CMS - CANTASS Mission Simulator
Canadian Navy’s principal passive long-range sonar and incorporates the US Navy’s AN/SQR-19 towed array
Each CMS has up to four Student Stations and two Instructor Stations
The Canadian Towed Array Sonar System (CANTASS) Mission Simulator (CMS) is an advanced, high fidelity system for training CANTASS AN/SQR 502 Shipboard Electronics Sub-System (SESS) operators. CANTASS is the Canadian Navy's principal passive long-range sonar and incorporates the US Navy's AN/SQR-19 towed array.
The first CMS was commissioned in March 2000, the CMS Atlantic, and is installed in the training facility at the Canadian Forces Naval Operations School (CFNOS), in Halifax, NS. A second CMS for the Pacific coast was developed by Array and commissioned in October 2002. It is installed in the training facility at the Canadian Forces Fleet School (CFFS) in Esquimalt, BC. Both are currently in use at the respective naval bases.
The Student Stations replicate the functionality and performance of the on-board sonar equipment. The Instructor Stations stimulate the four Student Stations by generating and transmitting up to four independent streams of raw acoustic data.
The CMS simulates a complex ocean environment. This model includes multi-path effects caused by space and sound velocity profiles that vary with time. Each mission may include a wide range of components:
- Up to three propagation loss curves and ambient noise profiles
- Up to sixteen complex targets with up to 150 NB and 15 BB tonals per target
- Up to 1500 NB and 150 BB components
- Full and realistic ambient noises and complex radiated noises, including active sonar
- Taped acoustic sounds
The mission profile, either off-line or during the mission simulation, can incorporate full state dependencies and state changes. These may include helm changes, diesel to battery changeovers, or automatic weapons release within preset counter detection ranges. The simulation makes use of a chain link model for the towed array to provide realistic dynamic performance.

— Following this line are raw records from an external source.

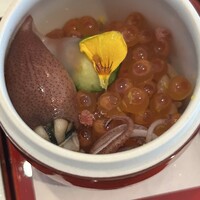 なだ万 シャングリ・ラ ホテル 東京店 - 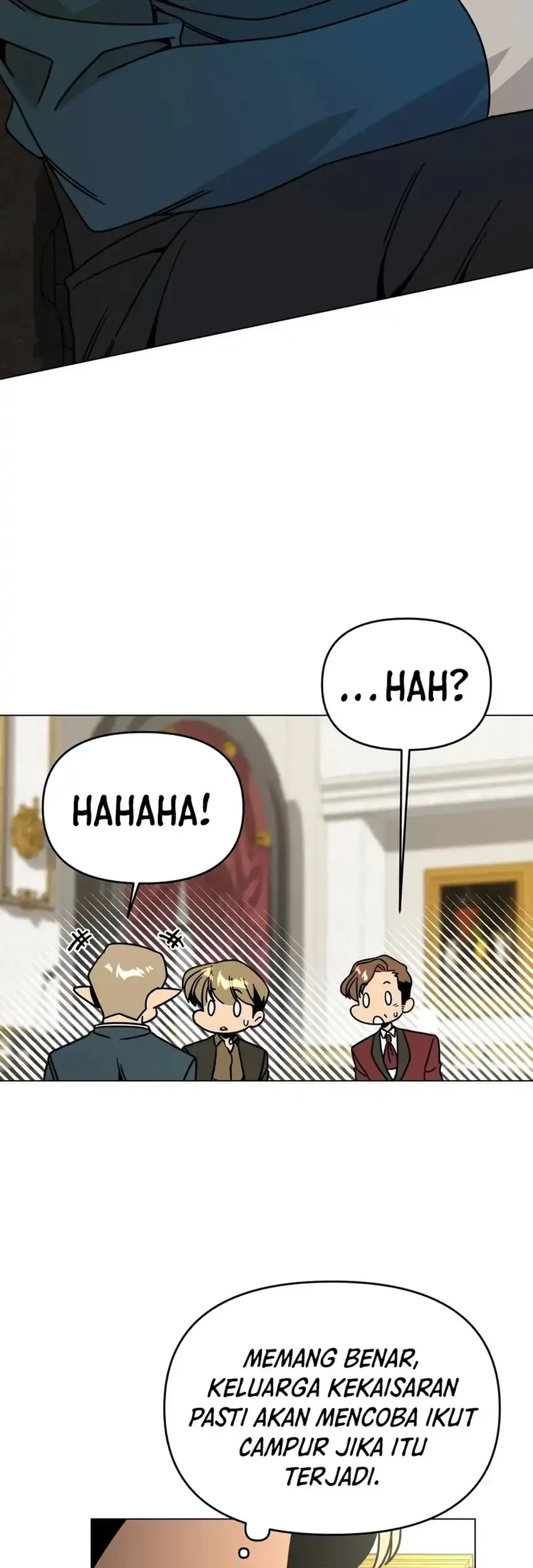 I’ll Resign and Have a Fresh Start in This World Chapter 139 Gambar 49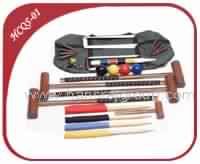 King Croquet Set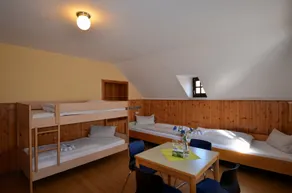 Stiftsberg - Bildungs- und Freizeitzentrum - Room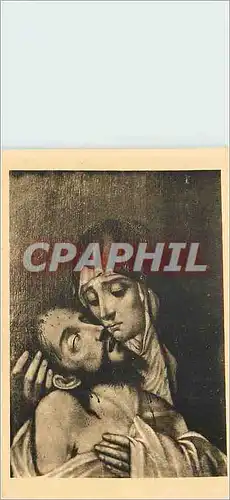 Cartes postales Villandry Chateaux de la Loire Pietat par Morales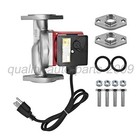 59896772 Stainless Steel 3-speed Circulator Pump 115v Ups15-35 Sfc For Grundfos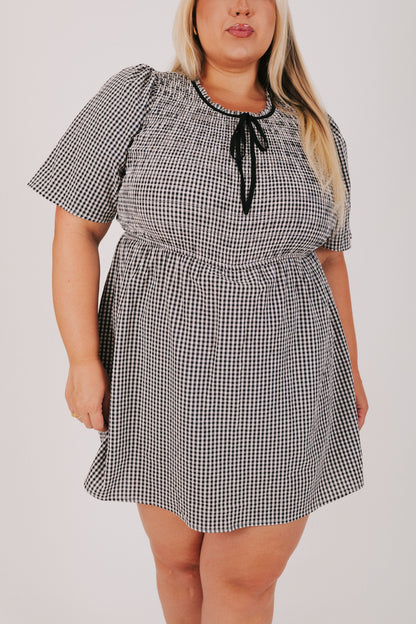 INCLUSIVE SIZING - Took The Time Dress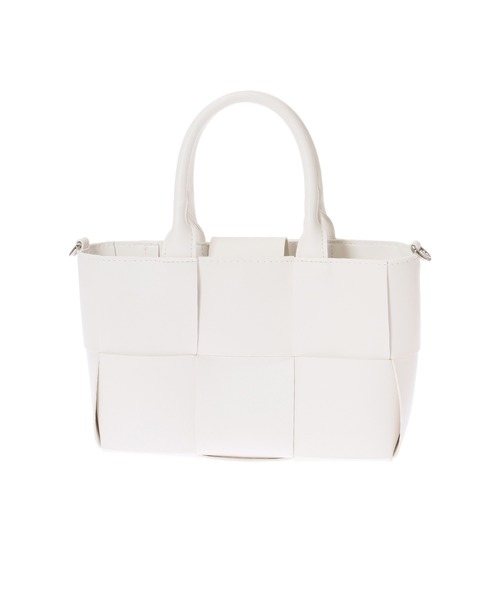 fifth（フィフス）の「ミニバッグセットトートバッグ（トートバッグ・レディース・ホワイト/オレンジ/グレイッシュベージュ・FREE）」の11枚目の写真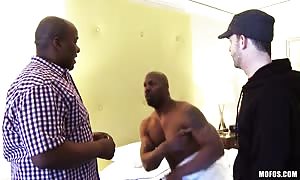 Brianna Brooks is a poking turned on broad
 that is playing with black manhood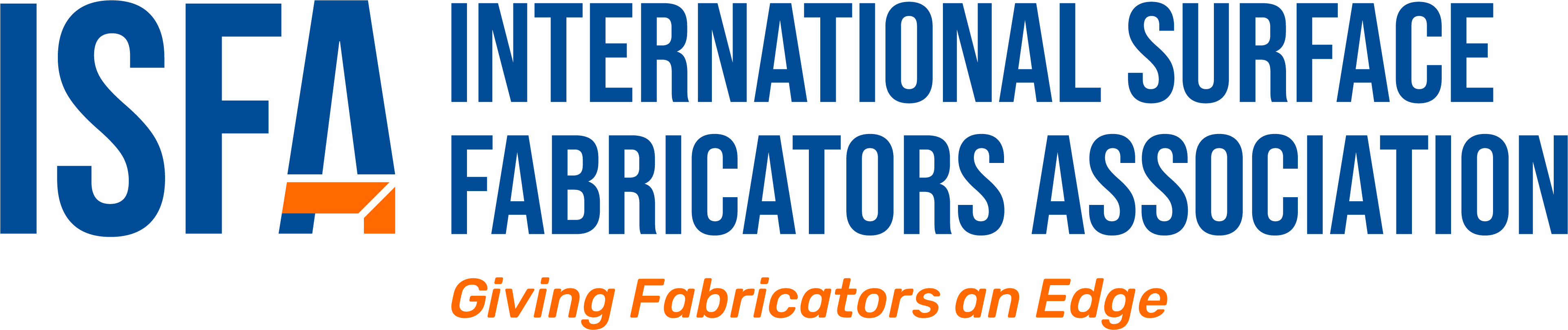 International Surface Fabricators Association Logo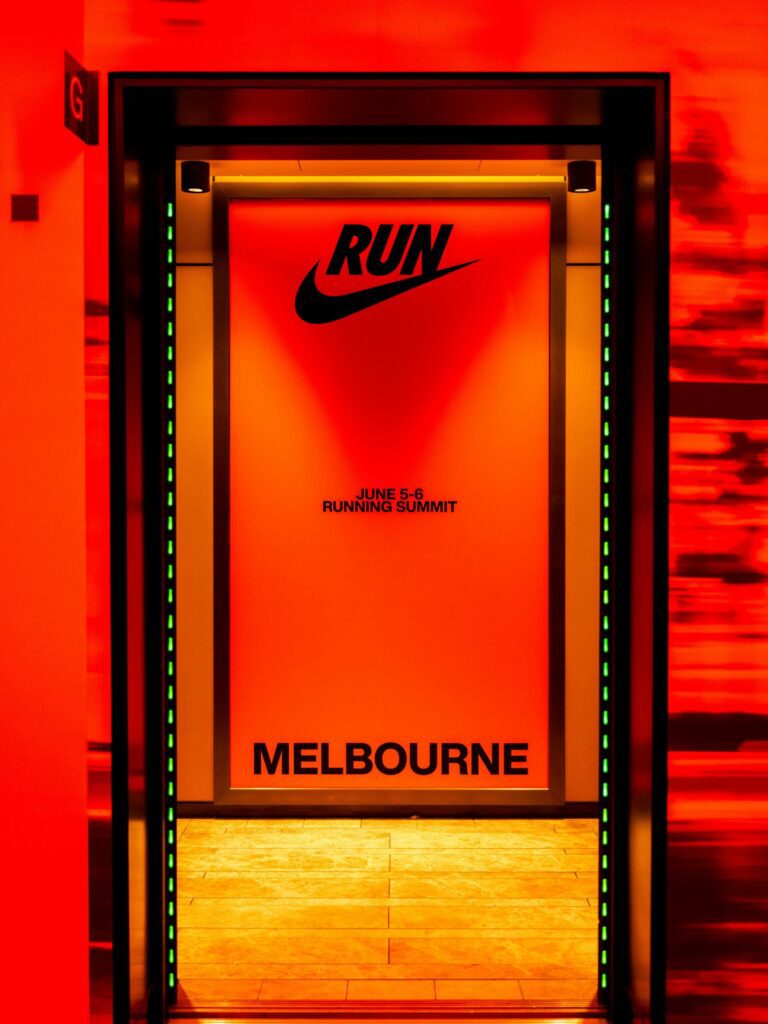 Nike Pacific Running Summit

The instructor defines a mission simulation on the CMS using a set of script commands through a Graphical User Interface (GUI). While the CMS is executing the mission simulation, the instructor uses a local monitor to view subsets of the 16 Acoustic Screen Monitors from the four Student Stations. The instructor can also communicate with the students over an audio network.
The CMS also interfaces with a Sony DIR-1000 High Density Digital Recorder (HDDR). Simulated missions created on the CMS can be recorded on HDDR tapes, archived, then used for playback to the Student Stations (or to ship-board systems) at a later time. Moreover, the CMS can use acoustic data tapes from ships and other sources to stimulate the Student Stations.